Not only does that help the Council bring in vital finances to help deliver such a vast range of services, it also encourages a level of connectivity and joint working between organisations which must surely boost efficiency for all those who benefit from their work.

“When I think back to when I was a footballer, never would I have thought I would end up as the Chief Executive of a local authority,” says Heywood.

“But I feel both very privileged to be doing this role, and to have an influence in the wellbeing and prosperity of the community of South Staffordshire.

“To see the transition of the council since I have become Chief Executive makes me very proud, but I am fortunate to have come into a very good council, with a really strong workforce.

“It has all been about creating a cultural environment that has enabled individuals to excel - and the council to excel - in providing services to residents of our local communities.

Dave Heywood in action for Wolves
Dave Heywood in action for Wolves

“Turning the council offices into a community hub was always a key part of the plan, not only in developing the values of the council in how we work and the way we work, but also providing a facility for the community which can offer so much more.

“As a council, we are relatively small but also complex in what we do, offering over 20 different services and functions from leisure to open space, planning, waste and recycling, housing and addressing issues such as homelessness

“The difference that we can all make to the lives of local people is humbling, and that is why it is a privilege for me to hold a position of this nature and to be able to install the values which myself, councillors and the leadership team here believe in.”

Heywood occupying such a vital and influential position of a local authority, back in the area where he spent so much of his childhood, forms just part of his overall story, in which so much was packed into the short stint of his first team involvement at Wolves those four decades ago.

He believes some of the qualities of resilience and leadership which he has carried forward into his current employment emerged and were nurtured during his spell as a young player at Molineux, but alongside the extreme highs of enjoying his teenage kicks making his senior breakthrough, also came the disappointment of eventually being released, but more pertinently the heart problem which could have been dangerously serious.

Heywood was born in Sedgley before the family moved to Codsall when he was about nine, and football was always very high on the priority list.

His Dad would take him to watch Wolves at Molineux, and he also played for different junior teams including Bilbrook, Albrighton and South Staffs Wolves.

It was only at the age of 15 when he started to get more recognition, being selected for the county team and joining Willenhall Town’s youth team thanks to a recommendation from Richie Dams, the PE teacher at Codsall High School where Heywood was a pupil.

Willenhall’s manager was Geoff Blackwell, also a scout at Wolves, and he recommended Heywood to trial for the club’s Midlands Floodlit Youth League team, from which he emerged successful after a fairly rigorous recruitment process.

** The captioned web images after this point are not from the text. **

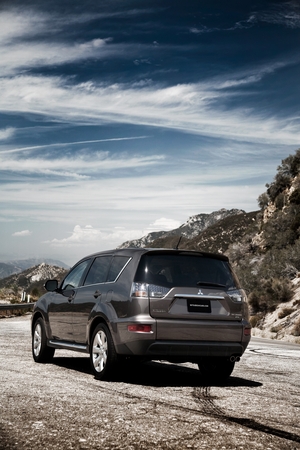 Mitsubishi Outlander XLS 2WD Mitsubishi Outlander XLS 2WD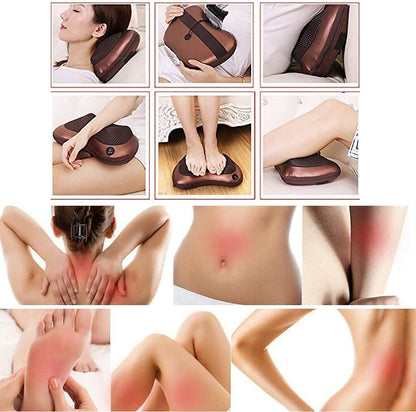 Car and Home Massage Pillow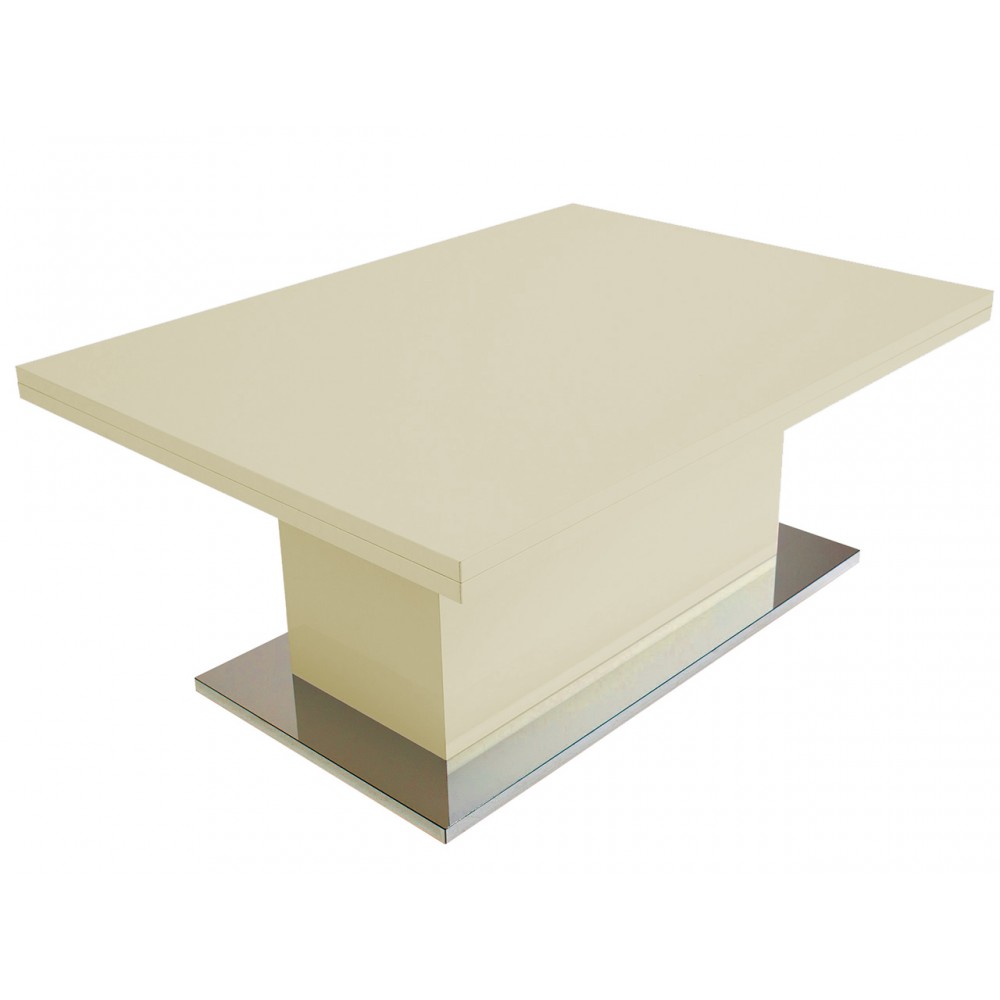 Стол-трансформер SLIDE белый матовый - купить в Озерце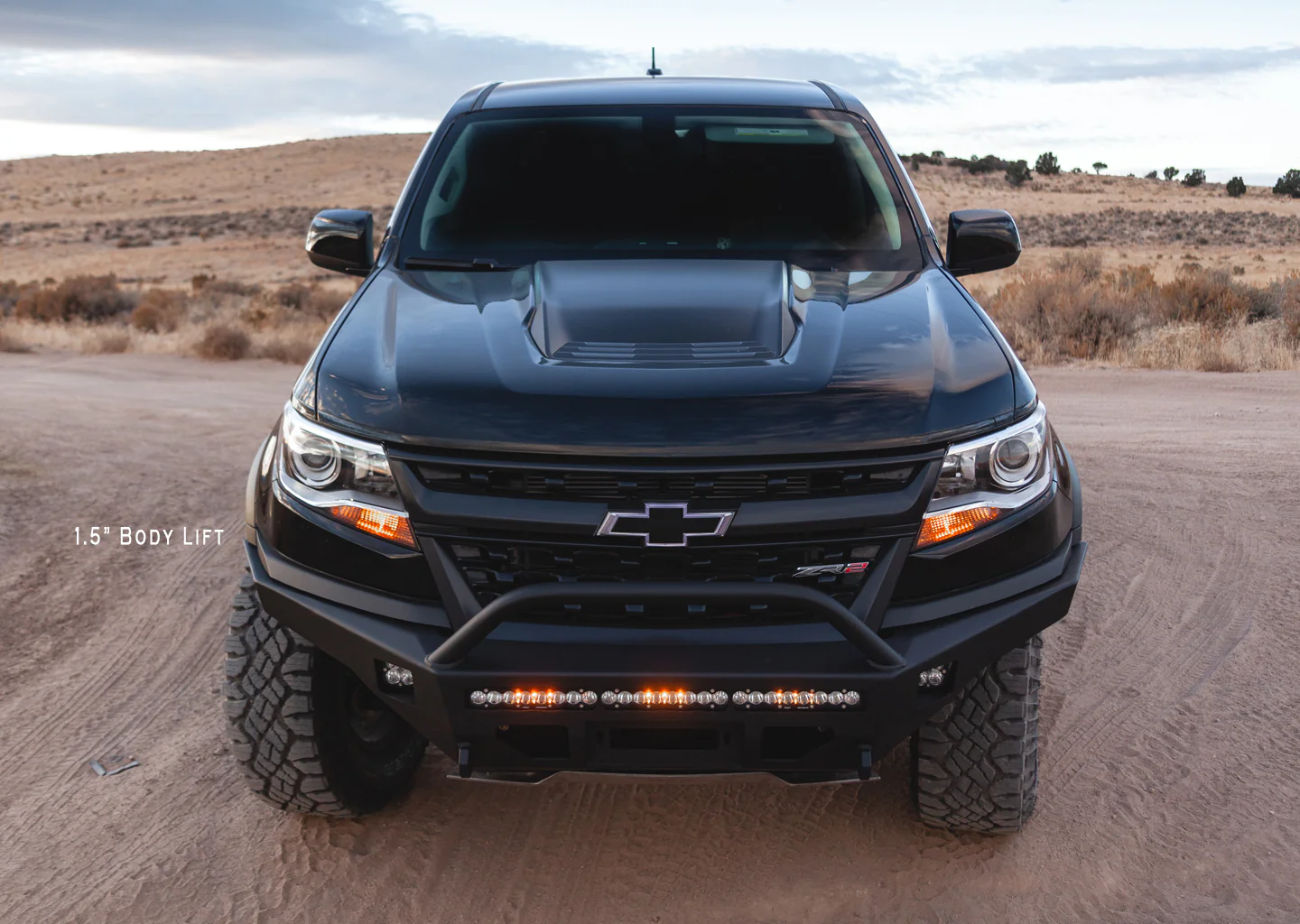 2017- 2020 Chevy ZR2 "Defender" Front Bumper - Image 8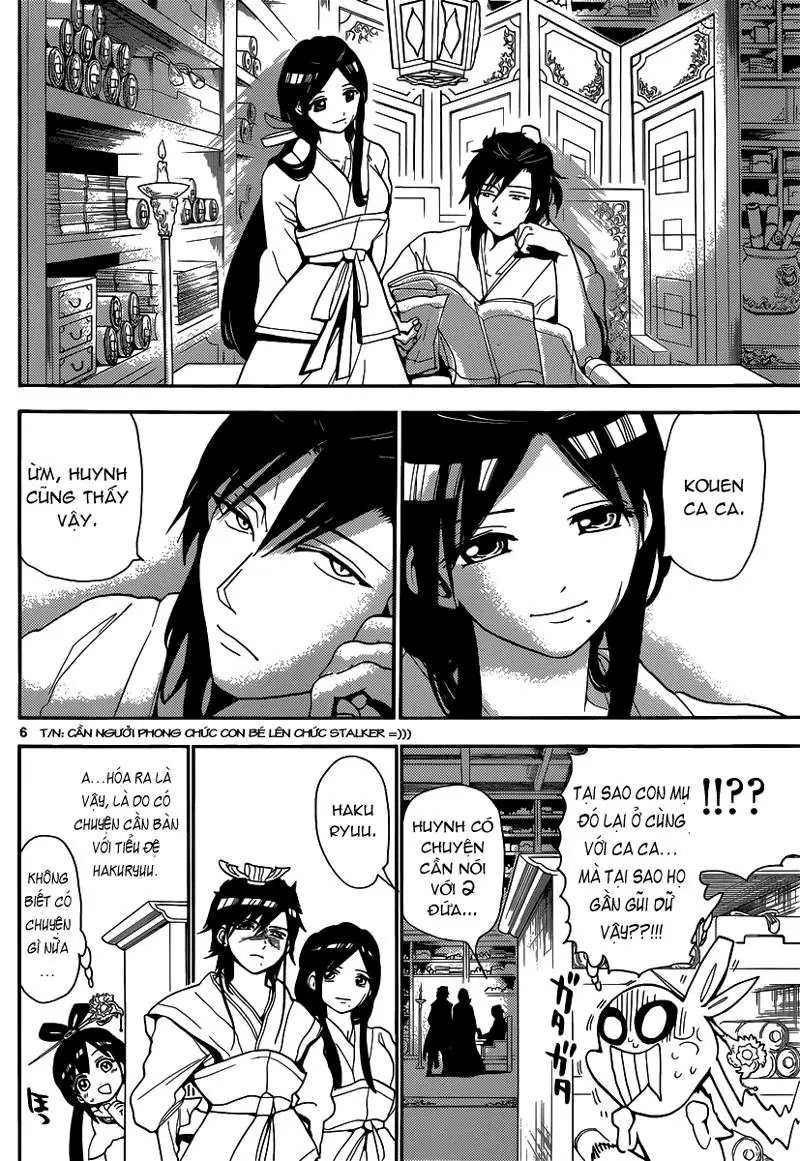 Magi: Bậc Thầy Pháp Thuật Chapter 146 - Trang 8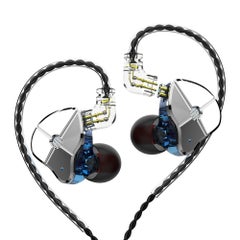 TRN ST1 1DD 1BA Hybrid Bluetooth In-Ear Earphone Blue/Black  - Image 2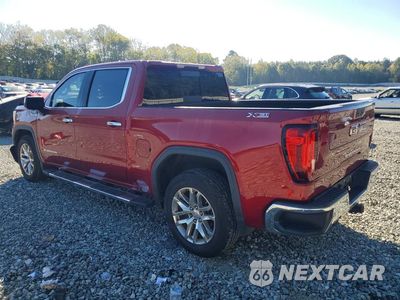 Drugie zdjęcie samochodu z przodu: 2019 GMC SIERRA K1500 SLT VIN:3GTU9DED2KG219308 - miniatura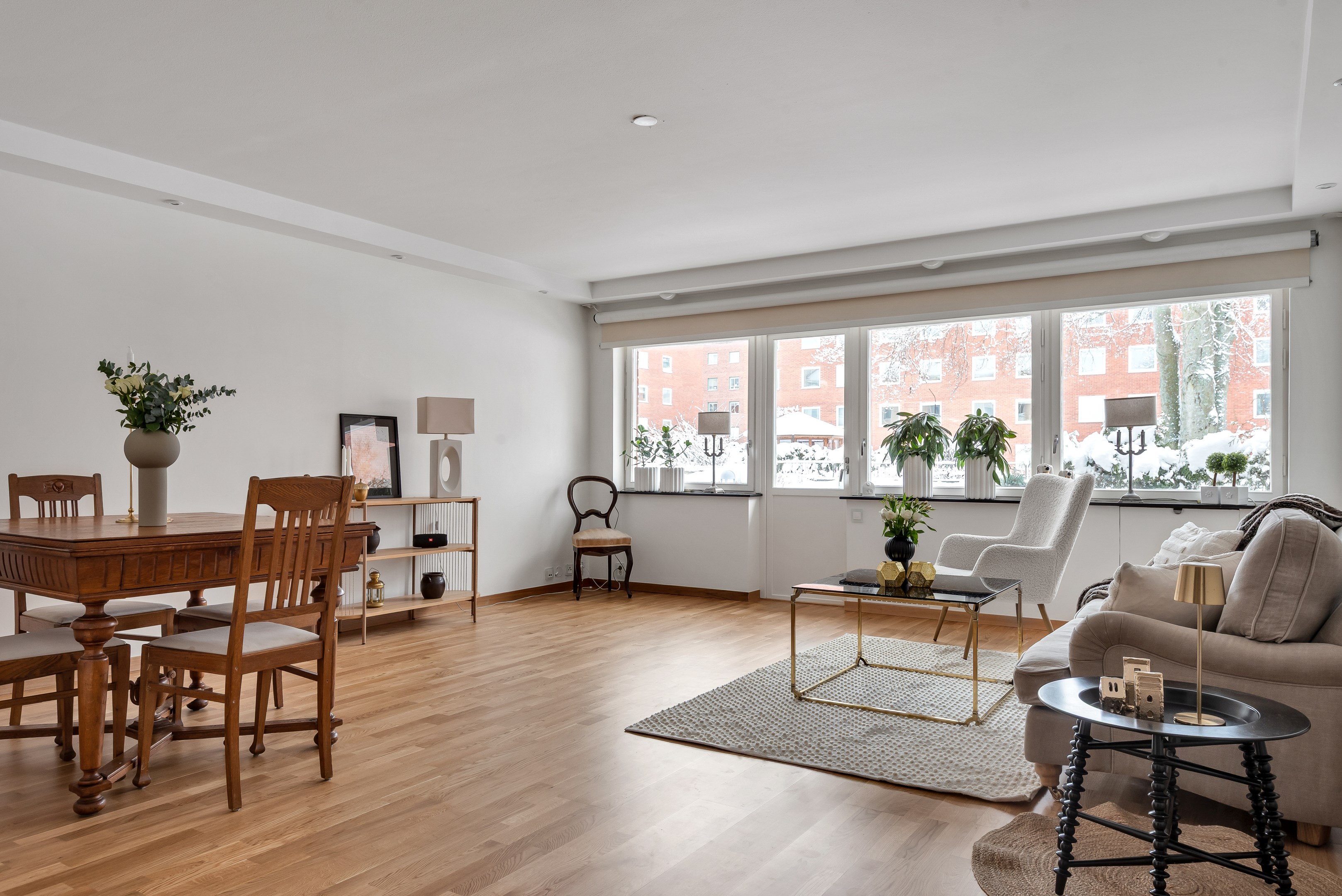 Bostadsbild från Sturegatan 18A, Kommande i Luthagen, Uppsala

At that point, Shrewsbury Town came in with the offer of an apprenticeship, which effectively forced Wolves’ hand to come to a decision in offering a similar deal, and Heywood was given the opportunity of a two-year scholarship.

“I was never the cream of the crop playing junior football, I never really stood out,” he reflects.

“I was always that bit below those players who were getting picked up by the scouts and signing schoolboy forms, and when I got to 15, I thought I was going to have to give up the dream of becoming a professional.

“I was starting to think about what else I could do, but then things started to happen and there were conversations, and eventually I ended up at Wolves.